> Your assignment: Every record must be written out once more, with nothing added or omitted.

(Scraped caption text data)
-- -- --

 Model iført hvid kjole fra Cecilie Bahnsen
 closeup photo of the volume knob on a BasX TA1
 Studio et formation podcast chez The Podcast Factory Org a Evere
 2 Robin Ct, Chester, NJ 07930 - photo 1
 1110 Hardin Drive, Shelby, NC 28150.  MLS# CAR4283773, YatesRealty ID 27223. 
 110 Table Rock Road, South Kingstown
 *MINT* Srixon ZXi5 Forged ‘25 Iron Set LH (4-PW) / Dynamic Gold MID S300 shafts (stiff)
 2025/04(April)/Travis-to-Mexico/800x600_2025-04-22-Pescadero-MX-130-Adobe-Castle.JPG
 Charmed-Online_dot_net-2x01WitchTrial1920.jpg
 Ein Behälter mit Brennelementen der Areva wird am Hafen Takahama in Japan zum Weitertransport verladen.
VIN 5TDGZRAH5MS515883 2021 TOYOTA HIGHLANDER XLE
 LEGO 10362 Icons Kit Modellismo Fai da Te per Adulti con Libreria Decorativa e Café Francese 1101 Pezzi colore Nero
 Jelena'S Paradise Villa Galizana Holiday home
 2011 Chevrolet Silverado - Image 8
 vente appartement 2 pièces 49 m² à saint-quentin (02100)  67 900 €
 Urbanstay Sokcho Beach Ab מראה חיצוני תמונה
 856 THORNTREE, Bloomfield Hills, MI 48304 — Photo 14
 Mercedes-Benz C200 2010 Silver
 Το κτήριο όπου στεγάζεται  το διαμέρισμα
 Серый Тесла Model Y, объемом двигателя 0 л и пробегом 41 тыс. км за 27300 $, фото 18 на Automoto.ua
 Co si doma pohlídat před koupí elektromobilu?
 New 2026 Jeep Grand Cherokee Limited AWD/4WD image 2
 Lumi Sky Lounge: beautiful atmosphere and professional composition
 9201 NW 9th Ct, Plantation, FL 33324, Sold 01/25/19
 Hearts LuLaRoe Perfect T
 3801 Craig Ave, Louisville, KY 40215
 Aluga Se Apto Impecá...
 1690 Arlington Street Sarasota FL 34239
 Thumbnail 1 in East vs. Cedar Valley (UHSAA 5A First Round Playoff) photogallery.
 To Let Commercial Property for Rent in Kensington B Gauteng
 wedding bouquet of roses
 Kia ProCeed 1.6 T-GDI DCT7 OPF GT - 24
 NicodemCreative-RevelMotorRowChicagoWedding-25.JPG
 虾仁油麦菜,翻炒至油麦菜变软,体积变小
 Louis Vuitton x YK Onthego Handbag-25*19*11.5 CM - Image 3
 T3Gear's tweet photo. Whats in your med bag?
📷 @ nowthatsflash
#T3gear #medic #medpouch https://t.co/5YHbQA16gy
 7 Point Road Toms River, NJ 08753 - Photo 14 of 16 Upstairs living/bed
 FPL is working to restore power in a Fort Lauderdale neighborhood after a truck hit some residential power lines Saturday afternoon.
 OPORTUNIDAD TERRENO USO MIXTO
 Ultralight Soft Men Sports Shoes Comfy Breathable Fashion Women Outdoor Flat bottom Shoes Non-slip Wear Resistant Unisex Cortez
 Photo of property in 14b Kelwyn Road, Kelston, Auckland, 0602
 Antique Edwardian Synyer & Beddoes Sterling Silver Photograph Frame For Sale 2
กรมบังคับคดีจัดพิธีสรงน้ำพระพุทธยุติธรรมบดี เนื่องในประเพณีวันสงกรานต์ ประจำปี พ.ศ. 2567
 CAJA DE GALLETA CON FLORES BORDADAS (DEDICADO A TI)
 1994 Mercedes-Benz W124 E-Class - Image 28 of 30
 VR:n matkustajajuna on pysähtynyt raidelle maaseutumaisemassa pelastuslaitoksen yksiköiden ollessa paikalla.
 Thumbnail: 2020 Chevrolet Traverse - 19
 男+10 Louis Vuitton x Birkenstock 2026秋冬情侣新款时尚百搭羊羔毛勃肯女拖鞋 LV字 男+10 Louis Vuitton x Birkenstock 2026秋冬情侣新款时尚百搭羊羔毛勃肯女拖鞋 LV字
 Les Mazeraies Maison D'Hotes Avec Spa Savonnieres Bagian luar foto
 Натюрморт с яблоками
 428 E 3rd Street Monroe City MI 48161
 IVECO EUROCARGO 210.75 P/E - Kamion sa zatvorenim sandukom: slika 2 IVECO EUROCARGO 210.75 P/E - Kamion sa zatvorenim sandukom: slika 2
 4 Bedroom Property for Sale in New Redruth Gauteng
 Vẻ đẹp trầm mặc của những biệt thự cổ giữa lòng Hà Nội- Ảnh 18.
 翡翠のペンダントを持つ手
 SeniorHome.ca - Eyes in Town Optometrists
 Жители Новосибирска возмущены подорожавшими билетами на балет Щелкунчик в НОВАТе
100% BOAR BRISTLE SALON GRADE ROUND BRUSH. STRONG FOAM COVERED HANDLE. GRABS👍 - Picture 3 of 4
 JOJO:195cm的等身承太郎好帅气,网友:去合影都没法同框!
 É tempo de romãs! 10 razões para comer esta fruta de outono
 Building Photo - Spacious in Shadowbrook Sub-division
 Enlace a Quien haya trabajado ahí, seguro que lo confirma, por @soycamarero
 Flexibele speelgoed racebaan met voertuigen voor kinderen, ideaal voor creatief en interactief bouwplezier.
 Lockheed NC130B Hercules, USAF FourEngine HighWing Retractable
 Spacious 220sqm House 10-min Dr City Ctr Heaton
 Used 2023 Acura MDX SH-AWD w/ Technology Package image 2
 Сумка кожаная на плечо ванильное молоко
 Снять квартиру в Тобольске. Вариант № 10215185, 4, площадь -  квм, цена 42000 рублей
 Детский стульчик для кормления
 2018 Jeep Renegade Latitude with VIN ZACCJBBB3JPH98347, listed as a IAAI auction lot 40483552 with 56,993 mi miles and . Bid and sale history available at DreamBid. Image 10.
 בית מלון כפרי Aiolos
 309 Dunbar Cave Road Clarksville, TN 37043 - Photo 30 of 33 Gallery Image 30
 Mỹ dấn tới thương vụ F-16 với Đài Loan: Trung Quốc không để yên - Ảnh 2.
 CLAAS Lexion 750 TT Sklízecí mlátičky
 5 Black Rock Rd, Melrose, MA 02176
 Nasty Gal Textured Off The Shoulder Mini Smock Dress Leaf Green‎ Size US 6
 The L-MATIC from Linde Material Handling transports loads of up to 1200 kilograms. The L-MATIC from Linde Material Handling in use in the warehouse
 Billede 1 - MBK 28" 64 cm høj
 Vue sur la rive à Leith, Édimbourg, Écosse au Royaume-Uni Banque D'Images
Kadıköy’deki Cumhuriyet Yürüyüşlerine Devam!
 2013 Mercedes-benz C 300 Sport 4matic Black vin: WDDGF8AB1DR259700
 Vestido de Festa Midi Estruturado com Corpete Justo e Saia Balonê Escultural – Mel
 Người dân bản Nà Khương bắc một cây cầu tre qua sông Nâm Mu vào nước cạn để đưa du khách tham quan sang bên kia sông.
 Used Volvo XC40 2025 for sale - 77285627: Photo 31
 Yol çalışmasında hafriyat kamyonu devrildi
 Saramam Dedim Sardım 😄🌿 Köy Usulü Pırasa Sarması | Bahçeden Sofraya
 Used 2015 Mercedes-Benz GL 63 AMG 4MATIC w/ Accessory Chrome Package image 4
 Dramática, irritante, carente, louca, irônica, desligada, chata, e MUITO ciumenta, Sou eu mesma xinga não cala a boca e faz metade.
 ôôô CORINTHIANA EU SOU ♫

-- -- --

> Task output:
 Model iført hvid kjole fra Cecilie Bahnsen
 closeup photo of the volume knob on a BasX TA1
 Studio et formation podcast chez The Podcast Factory Org a Evere
 2 Robin Ct, Chester, NJ 07930 - photo 1
 1110 Hardin Drive, Shelby, NC 28150.  MLS# CAR4283773, YatesRealty ID 27223. 
 110 Table Rock Road, South Kingstown
 *MINT* Srixon ZXi5 Forged ‘25 Iron Set LH (4-PW) / Dynamic Gold MID S300 shafts (stiff)
 2025/04(April)/Travis-to-Mexico/800x600_2025-04-22-Pescadero-MX-130-Adobe-Castle.JPG
 Charmed-Online_dot_net-2x01WitchTrial1920.jpg
 Ein Behälter mit Brennelementen der Areva wird am Hafen Takahama in Japan zum Weitertransport verladen.
VIN 5TDGZRAH5MS515883 2021 TOYOTA HIGHLANDER XLE
 LEGO 10362 Icons Kit Modellismo Fai da Te per Adulti con Libreria Decorativa e Café Francese 1101 Pezzi colore Nero
 Jelena'S Paradise Villa Galizana Holiday home
 2011 Chevrolet Silverado - Image 8
 vente appartement 2 pièces 49 m² à saint-quentin (02100)  67 900 €
 Urbanstay Sokcho Beach Ab מראה חיצוני תמונה
 856 THORNTREE, Bloomfield Hills, MI 48304 — Photo 14
 Mercedes-Benz C200 2010 Silver
 Το κτήριο όπου στεγάζεται  το διαμέρισμα
 Серый Тесла Model Y, объемом двигателя 0 л и пробегом 41 тыс. км за 27300 $, фото 18 на Automoto.ua
 Co si doma pohlídat před koupí elektromobilu?
 New 2026 Jeep Grand Cherokee Limited AWD/4WD image 2
 Lumi Sky Lounge: beautiful atmosphere and professional composition
 9201 NW 9th Ct, Plantation, FL 33324, Sold 01/25/19
 Hearts LuLaRoe Perfect T
 3801 Craig Ave, Louisville, KY 40215
 Aluga Se Apto Impecá...
 1690 Arlington Street Sarasota FL 34239
 Thumbnail 1 in East vs. Cedar Valley (UHSAA 5A First Round Playoff) photogallery.
 To Let Commercial Property for Rent in Kensington B Gauteng
 wedding bouquet of roses
 Kia ProCeed 1.6 T-GDI DCT7 OPF GT - 24
 NicodemCreative-RevelMotorRowChicagoWedding-25.JPG
 虾仁油麦菜,翻炒至油麦菜变软,体积变小
 Louis Vuitton x YK Onthego Handbag-25*19*11.5 CM - Image 3
 T3Gear's tweet photo. Whats in your med bag?
📷 @ nowthatsflash
#T3gear #medic #medpouch https://t.co/5YHbQA16gy
 7 Point Road Toms River, NJ 08753 - Photo 14 of 16 Upstairs living/bed
 FPL is working to restore power in a Fort Lauderdale neighborhood after a truck hit some residential power lines Saturday afternoon.
 OPORTUNIDAD TERRENO USO MIXTO
 Ultralight Soft Men Sports Shoes Comfy Breathable Fashion Women Outdoor Flat bottom Shoes Non-slip Wear Resistant Unisex Cortez
 Photo of property in 14b Kelwyn Road, Kelston, Auckland, 0602
 Antique Edwardian Synyer & Beddoes Sterling Silver Photograph Frame For Sale 2
กรมบังคับคดีจัดพิธีสรงน้ำพระพุทธยุติธรรมบดี เนื่องในประเพณีวันสงกรานต์ ประจำปี พ.ศ. 2567
 CAJA DE GALLETA CON FLORES BORDADAS (DEDICADO A TI)
 1994 Mercedes-Benz W124 E-Class - Image 28 of 30
 VR:n matkustajajuna on pysähtynyt raidelle maaseutumaisemassa pelastuslaitoksen yksiköiden ollessa paikalla.
 Thumbnail: 2020 Chevrolet Traverse - 19
 男+10 Louis Vuitton x Birkenstock 2026秋冬情侣新款时尚百搭羊羔毛勃肯女拖鞋 LV字 男+10 Louis Vuitton x Birkenstock 2026秋冬情侣新款时尚百搭羊羔毛勃肯女拖鞋 LV字
 Les Mazeraies Maison D'Hotes Avec Spa Savonnieres Bagian luar foto
 Натюрморт с яблоками
 428 E 3rd Street Monroe City MI 48161
 IVECO EUROCARGO 210.75 P/E - Kamion sa zatvorenim sandukom: slika 2 IVECO EUROCARGO 210.75 P/E - Kamion sa zatvorenim sandukom: slika 2
 4 Bedroom Property for Sale in New Redruth Gauteng
 Vẻ đẹp trầm mặc của những biệt thự cổ giữa lòng Hà Nội- Ảnh 18.
 翡翠のペンダントを持つ手
 SeniorHome.ca - Eyes in Town Optometrists
 Жители Новосибирска возмущены подорожавшими билетами на балет Щелкунчик в НОВАТе
100% BOAR BRISTLE SALON GRADE ROUND BRUSH. STRONG FOAM COVERED HANDLE. GRABS👍 - Picture 3 of 4
 JOJO:195cm的等身承太郎好帅气,网友:去合影都没法同框!
 É tempo de romãs! 10 razões para comer esta fruta de outono
 Building Photo - Spacious in Shadowbrook Sub-division
 Enlace a Quien haya trabajado ahí, seguro que lo confirma, por @soycamarero
 Flexibele speelgoed racebaan met voertuigen voor kinderen, ideaal voor creatief en interactief bouwplezier.
 Lockheed NC130B Hercules, USAF FourEngine HighWing Retractable
 Spacious 220sqm House 10-min Dr City Ctr Heaton
 Used 2023 Acura MDX SH-AWD w/ Technology Package image 2
 Сумка кожаная на плечо ванильное молоко
 Снять квартиру в Тобольске. Вариант № 10215185, 4, площадь -  квм, цена 42000 рублей
 Детский стульчик для кормления
 2018 Jeep Renegade Latitude with VIN ZACCJBBB3JPH98347, listed as a IAAI auction lot 40483552 with 56,993 mi miles and . Bid and sale history available at DreamBid. Image 10.
 בית מלון כפרי Aiolos
 309 Dunbar Cave Road Clarksville, TN 37043 - Photo 30 of 33 Gallery Image 30
 Mỹ dấn tới thương vụ F-16 với Đài Loan: Trung Quốc không để yên - Ảnh 2.
 CLAAS Lexion 750 TT Sklízecí mlátičky
 5 Black Rock Rd, Melrose, MA 02176
 Nasty Gal Textured Off The Shoulder Mini Smock Dress Leaf Green‎ Size US 6
 The L-MATIC from Linde Material Handling transports loads of up to 1200 kilograms. The L-MATIC from Linde Material Handling in use in the warehouse
 Billede 1 - MBK 28" 64 cm høj
 Vue sur la rive à Leith, Édimbourg, Écosse au Royaume-Uni Banque D'Images
Kadıköy’deki Cumhuriyet Yürüyüşlerine Devam!
 2013 Mercedes-benz C 300 Sport 4matic Black vin: WDDGF8AB1DR259700
 Vestido de Festa Midi Estruturado com Corpete Justo e Saia Balonê Escultural – Mel
 Người dân bản Nà Khương bắc một cây cầu tre qua sông Nâm Mu vào nước cạn để đưa du khách tham quan sang bên kia sông.
 Used Volvo XC40 2025 for sale - 77285627: Photo 31
 Yol çalışmasında hafriyat kamyonu devrildi
 Saramam Dedim Sardım 😄🌿 Köy Usulü Pırasa Sarması | Bahçeden Sofraya
 Used 2015 Mercedes-Benz GL 63 AMG 4MATIC w/ Accessory Chrome Package image 4
 Dramática, irritante, carente, louca, irônica, desligada, chata, e MUITO ciumenta, Sou eu mesma xinga não cala a boca e faz metade.
 ôôô CORINTHIANA EU SOU ♫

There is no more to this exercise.